Sunday, April 15, 2007

Attention: Suppression!

Lauren: I thought this was great. It reminded me of when I was in high school and my crazy nutso World History teacher would give us sets of 50-70 identifications to do each night for homework. She wanted us to go through our antiquated history book and define whatever names or terms she had as identifications. I would do them for an hour and then start making stuff up. I remember I described Lloyd George (the Prime Minister of England right after WWI) as being the androgynous lead singer of the 1980's band, Culture Club. I did this with a ton of the identifications, as well as writing hidden messages such as "Tabatsko, I'm going to kill all of your ferns before the semester is out." I received an A on all of my identifications.
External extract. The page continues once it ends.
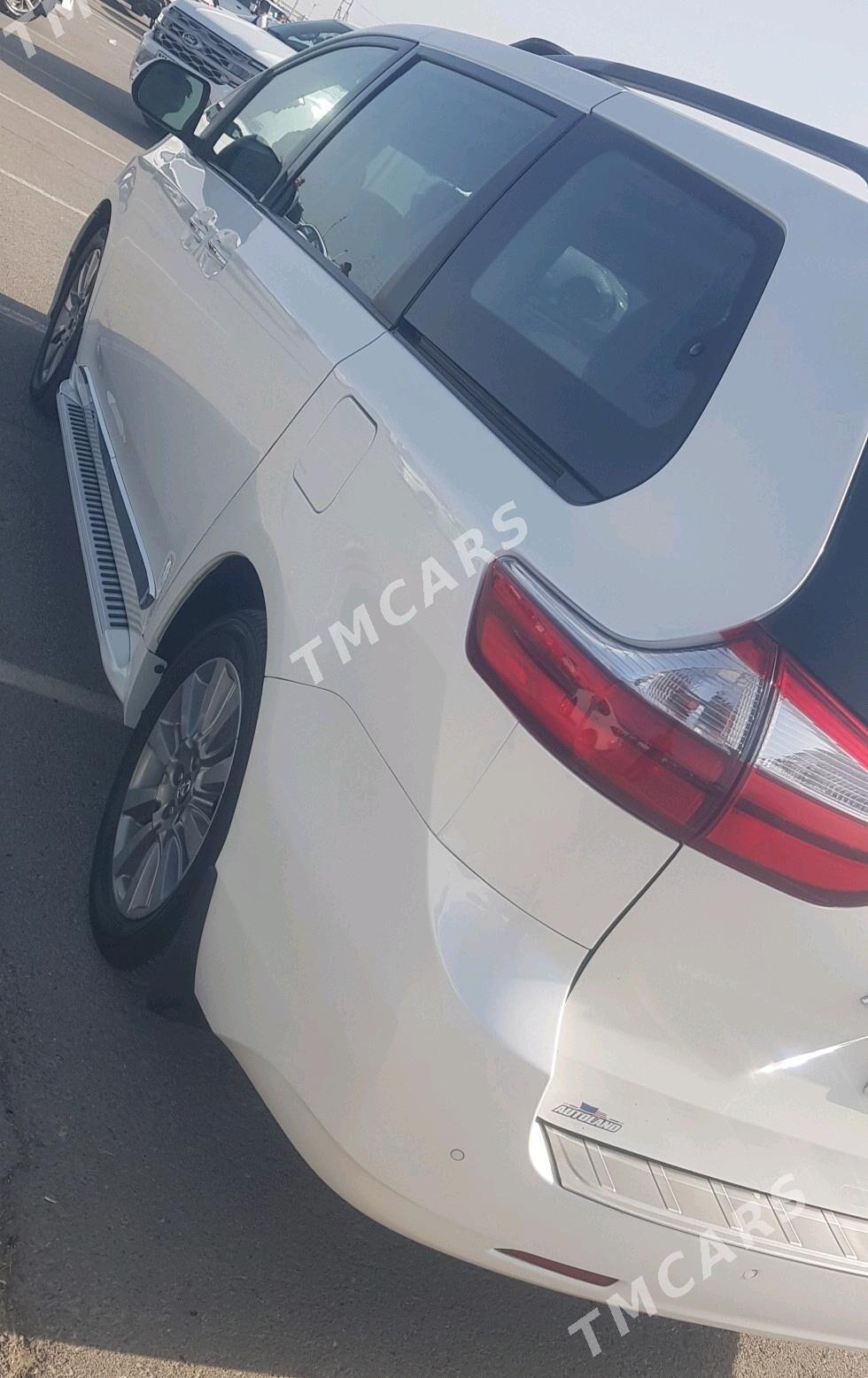 Toyota Sienna 2019 - 670 000 TMT - Köşi - img 2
Anyway, yeah. this thing that Lauren did reminded me of how some teachers just look at format and the very basic clues as to what makes a good paper (1 inch margin, title, cited sources, topic sentences for each paragraph, etc.). I thought the whole thing really spoke to a teacher's awareness of student writing and maybe their attention focus on individual papers.
I did have a problem with the poorly graded paper. One of the teacher's comments was "Yuck" about a transition. Absolutely, the particular transition the student makes is not a great one, but I would be destroyed if a teacher wrote "Yuck" on my paper. Maybe I'm touchy on this because I have notably terrible transitions. I could just be overly-sensitive in this arena.